Bolsonaro parece enxergar o mundo como o CEO que reduziu o bônus do meu amigo. A derrota de Doria (no caso, a interrupção da testagem da Coronavac) é sua vitória. Talvez Doria, a julgar por sua natureza competitiva, também tenha um comportamento semelhante, embora mais discreto. Mas essa rivalidade acaba respingando nos interesses do povo brasileiro.

Todos temos de torcer pela eficácia das vacinas, sejam elas fabricadas na China, em Oxford ou na Tonga da Mironga do Kabuletê. O que está em jogo, além da saúde e da vida das pessoas, é a viabilidade econômica dos países. Torcer para que a Coronavac dê errado é mesquinho, assim como seria desprezível torcer pelo fracasso do imunizante de Oxford.

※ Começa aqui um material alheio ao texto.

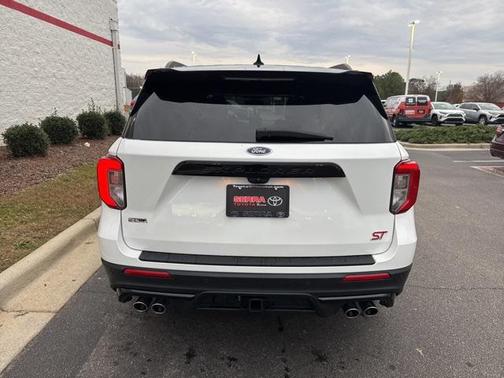 2023 Ford Explorer ST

Além do ímpeto pela rivalidade, Bolsonaro também prima pela ansiedade em reagir rapidamente aos acontecimentos. Essa sofreguidão acaba por colocá-lo em situações vexatórias. O “evento adverso grave” divulgado pela Anvisa, razão para interromper os testes com a vacina sintetizada na China, foi uma morte entre os voluntários. Ocorre que o falecimento se deu por conta de um suicídio. Apesar disso, as hostes bolsonaristas nas redes sociais continuaram a botar lenha na fogueira, afirmando que um dos efeitos colaterais das vacinas é justamente a depressão, que pode levar alguém a atentar contra a própria vida. Essa tese, no entanto, não tem amparo científico e há 50 % de chances de a vítima ter sido injetada com um placebo em vez de ter recebido os imunizantes.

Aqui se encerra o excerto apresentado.